Disabling Flow and PowerApps buttons

Disabling Flow and PowerApps buttons header image

The ‘modern’ library experience is becoming the new normal. Being set as the default view in many tenants it is a great way of working with your data. Within this new experience the Flow and PowerApps button are great tools to work with this data. However in some cases you have a list where you want users to put in some data. Not use Flow or PowerApps to do anything else than to fill in the list. So you might have customers ask you to disable the buttons. Obviously you could disable the services on tenant level. Yet in most cases it is enough to disable them on list or site level.

Disable those buttons

Disabling Flow and PowerApps is possible but only on a web (or site collection) level. You can do so with PowerShell as described on Technet. As the sample only describes to disable Flow, and it is not using PnP-PowerShell I wrote a quick sample to achieve this using PnP-PowerShell. Besides the DisableFlows property there is a DisableAppViews property to disable the PowerApps button on the list as well! So your code would look something like the following

Connect-PnPOnline Url https://digiwijs.sharepoint.com/sites/mytools-admin Credentials (Get-Credential)
$ctx = Get-PnPContext
$ctx.Site.DisableAppViews = $true;
$ctx.Site.DisableFlows = $true;
$ctx.ExecuteQuery();

Your existing Flows and PowerApps will keep working and you are still able to go to waffle to start the Flow and PowerApps interfaces.
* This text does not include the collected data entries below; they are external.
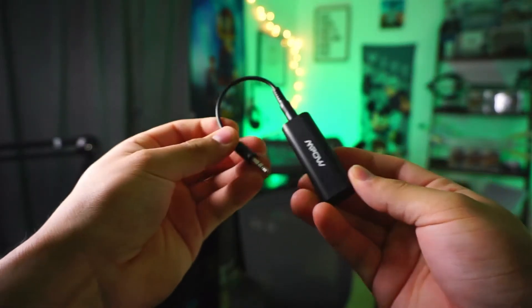The last cable I want to cover is a ground loop cable called the Mpow. When you need to charge your controller and you plug directly into the capture card without this cable, it creates a loud electric static noise on your stream. To fix this, plug the chat link cable into the female part of the ground loop, and the other end goes into the capture card — it still works fine and prevents that buzzing noise. I highly suggest picking one up; it's really cheap on Amazon and I'll provide the link below.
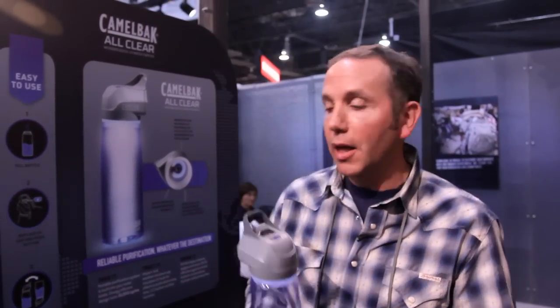With the All-Clear, it's a $99 kit. You get the UV cap and a 0.75-liter bottle with all the directions permanently printed on the bottle, so you can never forget how to use it — even though it's simple and easy to use.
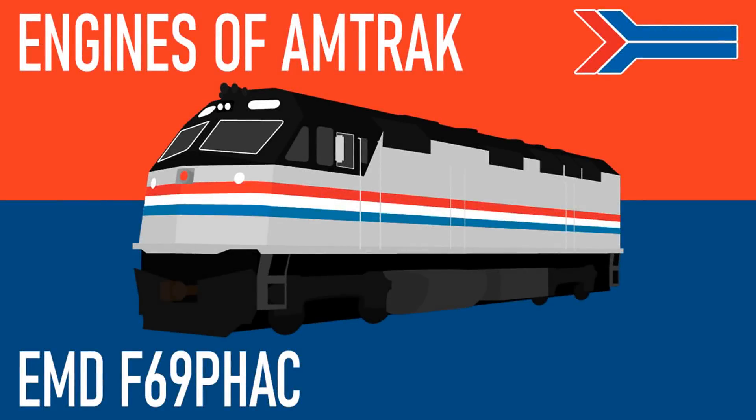Hey everyone, AmtrakGuy365 here, and today on this edition of Engines of Amtrak, I'll be discussing the EMD F69PH AC and its experience with the German ICE high-speed trainset.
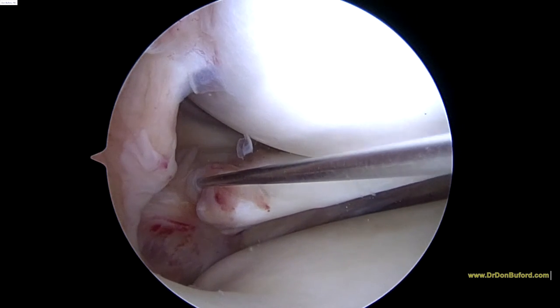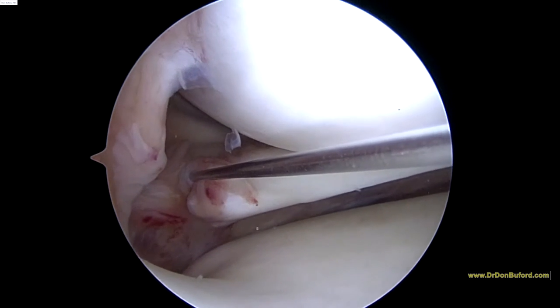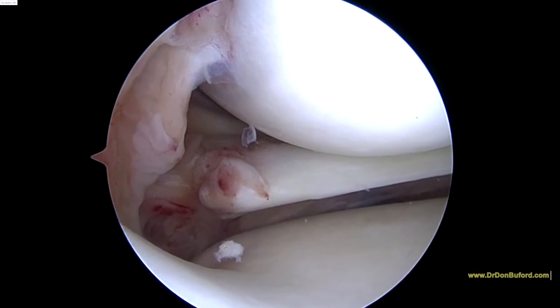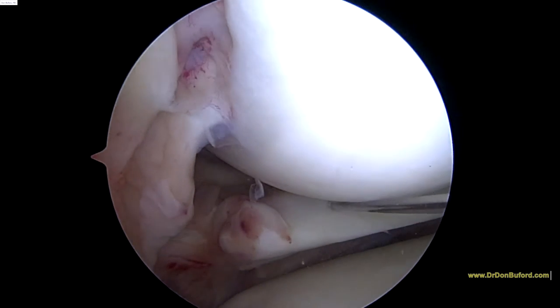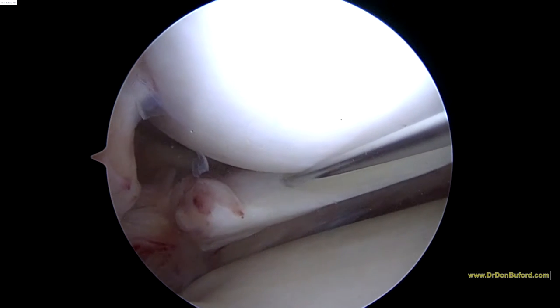Now we're going to move the needle and inject another location. So now you can see we've got the needle going through the meniscus right where the tear is. We're going to inject another half cc here.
However you will no longer see the buttons. Your hero bar will show the buttons when the DisableAppViews and DisableFlows are set to $false

Flow and PowerApps Enabled

The same hero bar will show no buttons when those properties are set to $true

Flow and PowerApps Disabled

Its an easy way to hide some of the options from your users on a site. Unfortunately you cannot set these values on the list level. But you can set them on web level. Just use the $ctx.Web and you are good to go.